## Work to be completed:
In the entries that follow, locate the line with "5 thumbnail image", then restate that line and all later lines exactly as they appear, leaving pictures out.

## Data:
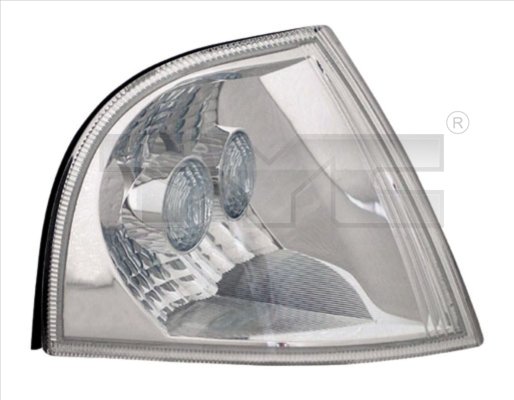 Indicatore direzione - 18-0208-05-2 TYC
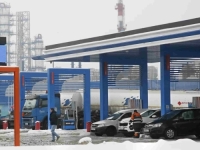 EKONOMIJA U PROBLEMIMA: Nafta ne spašava ruski budžet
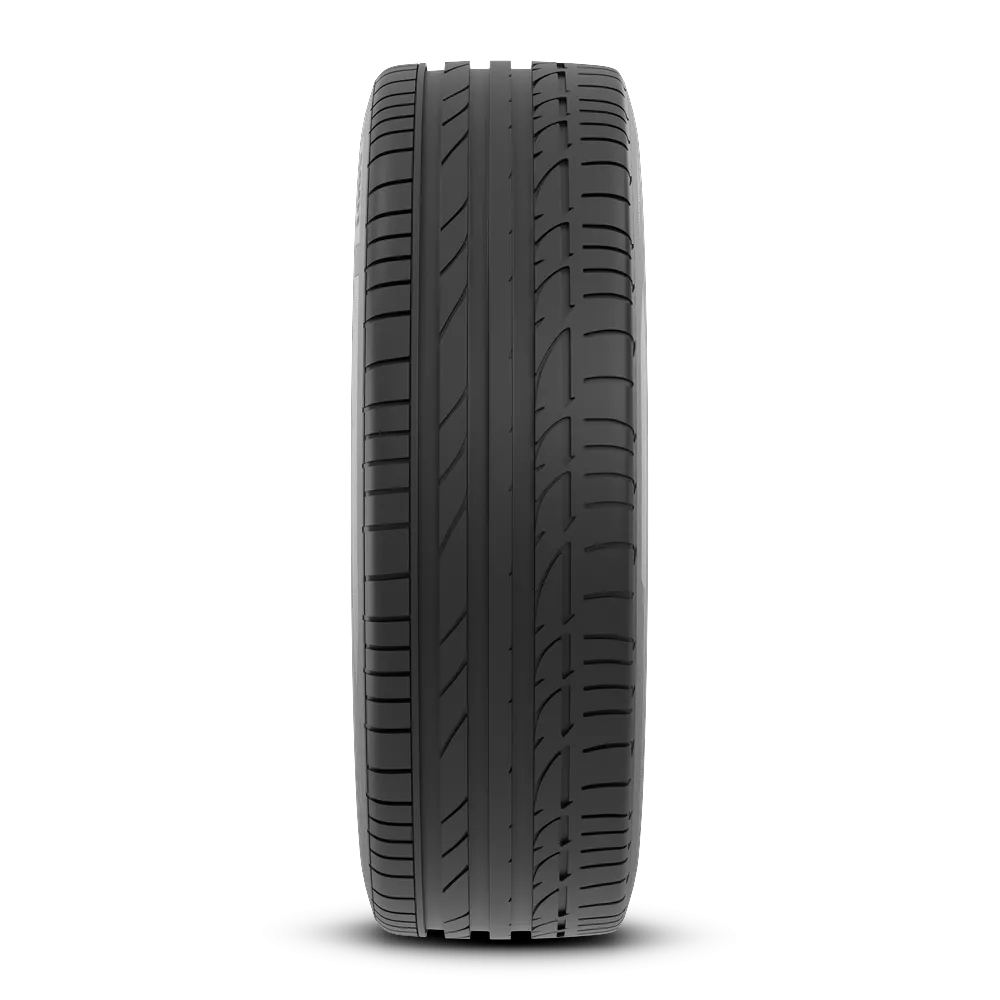 Bridgestone Potenza S001 235/40R19 - Wheelwiz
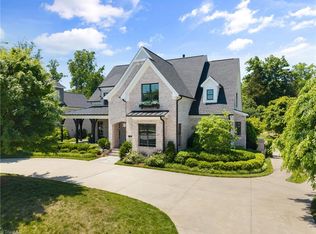 5603 Hundley Rd, Winston Salem, NC 27106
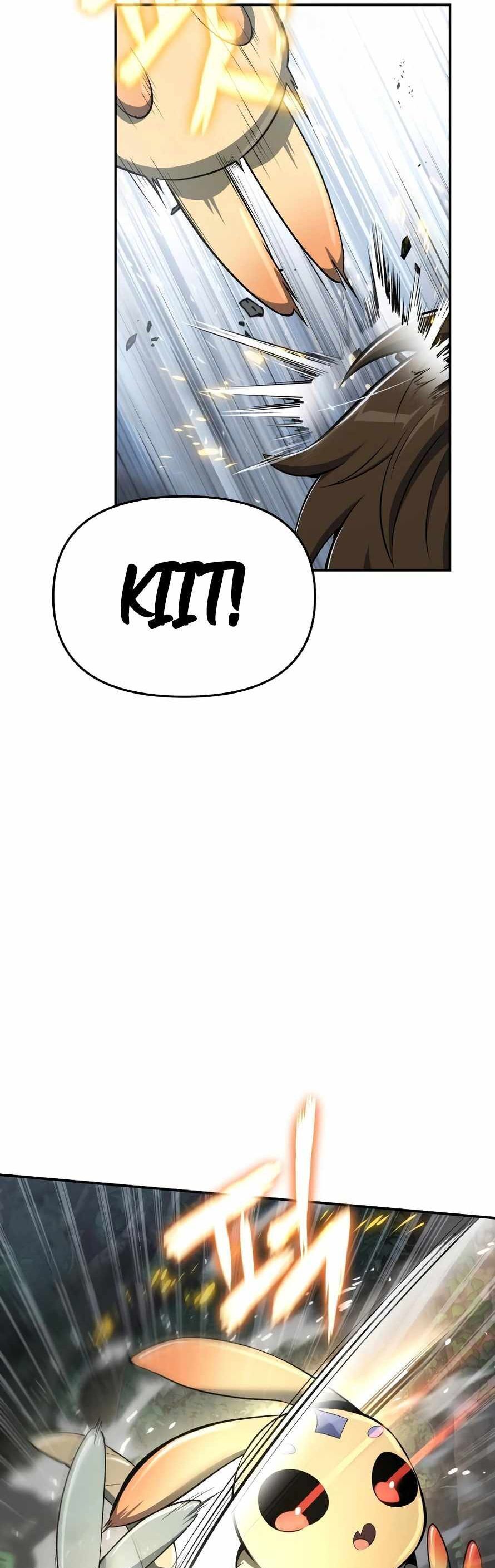 Chuyên Gia Côn Trùng Tại Đường Gia Tứ Xuyên Chương 51 Ảnh 66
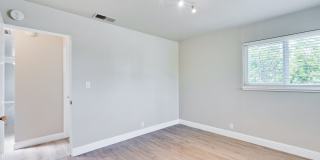 FOR RENT – Beautifully Updated 4 Bed / 3 Bath Home in Prime Santa Clara Location (NVIDIA) FOR RENT – Beautifully Updated 4 Bed / 3 Bath Home in Prime Santa Clara Location (NVIDIA) Gallery 18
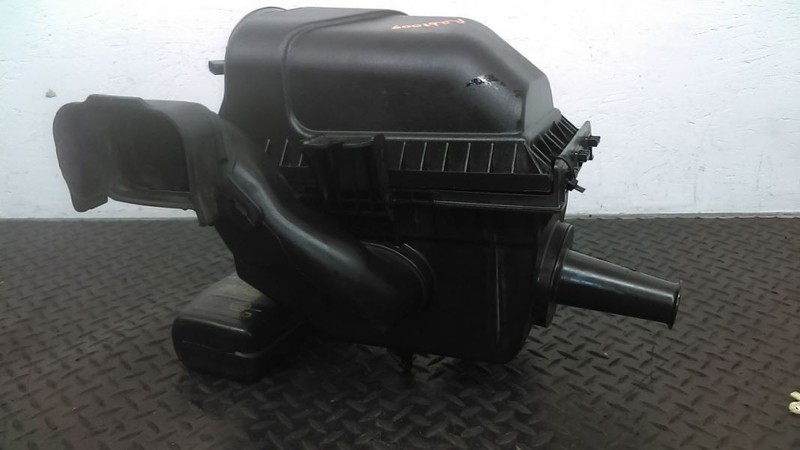 07-10 Ford EDGE Air Cleaner Box OEM 7T43-9C662-AE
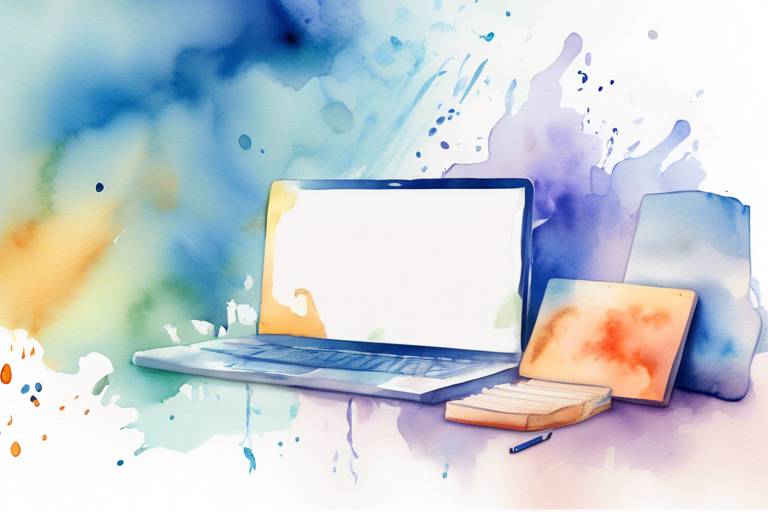 MySQL Yedekleme Senaryoları: Bu makalede, olay tabanlı yedekleme, snapshot yedekleme ve diğer yedekleme senaryoları hakkında bilgi alabilirsiniz.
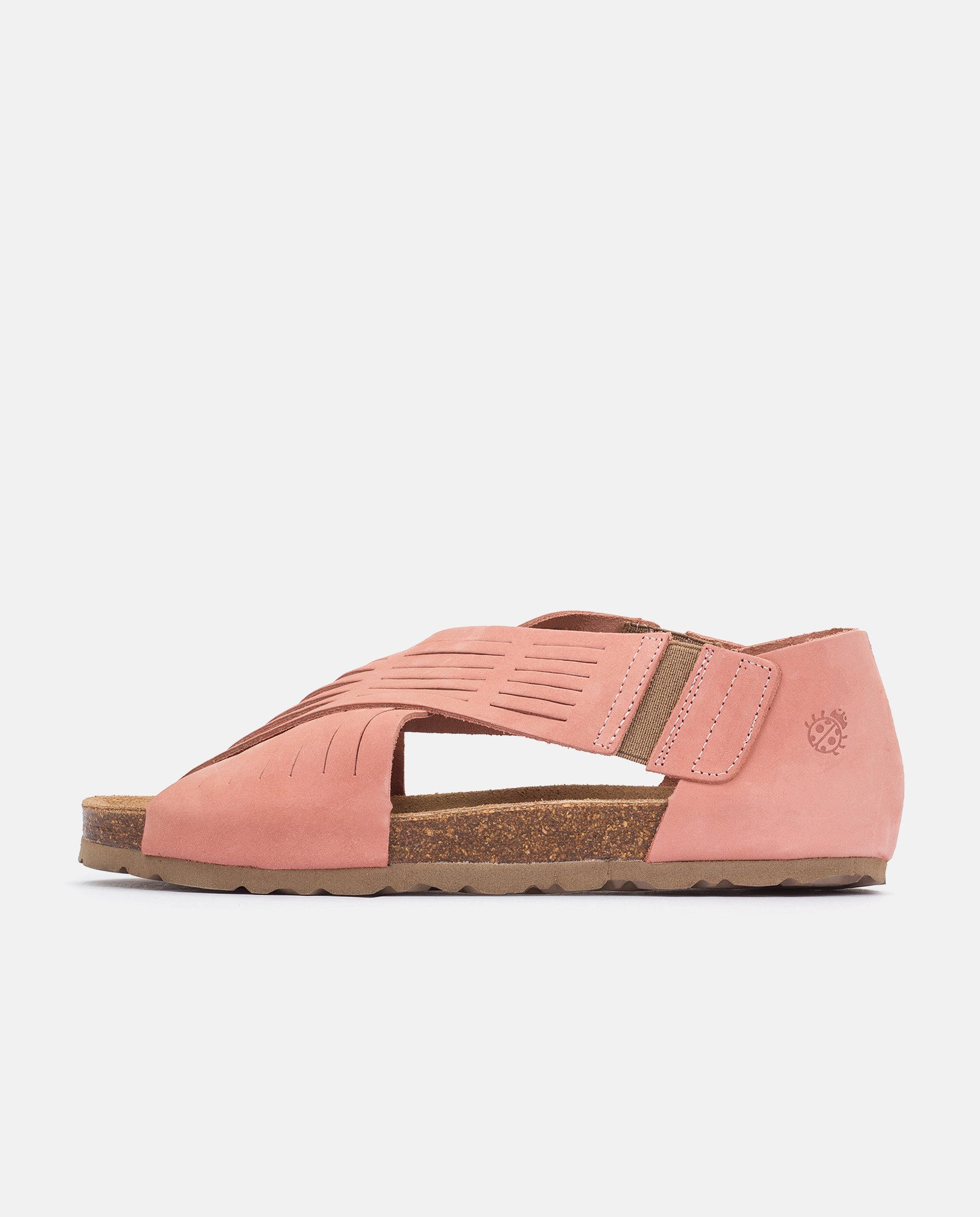 Sandalia plana Villa 179 rosa_29224.jpg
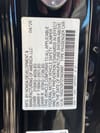 5 thumbnail image of  2026 Honda Accord Hybrid Sport-L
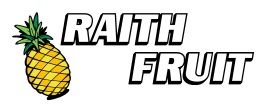 Raith Fruit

## Exercise answer:
 5 thumbnail image of  2026 Honda Accord Hybrid Sport-L
 Raith Fruit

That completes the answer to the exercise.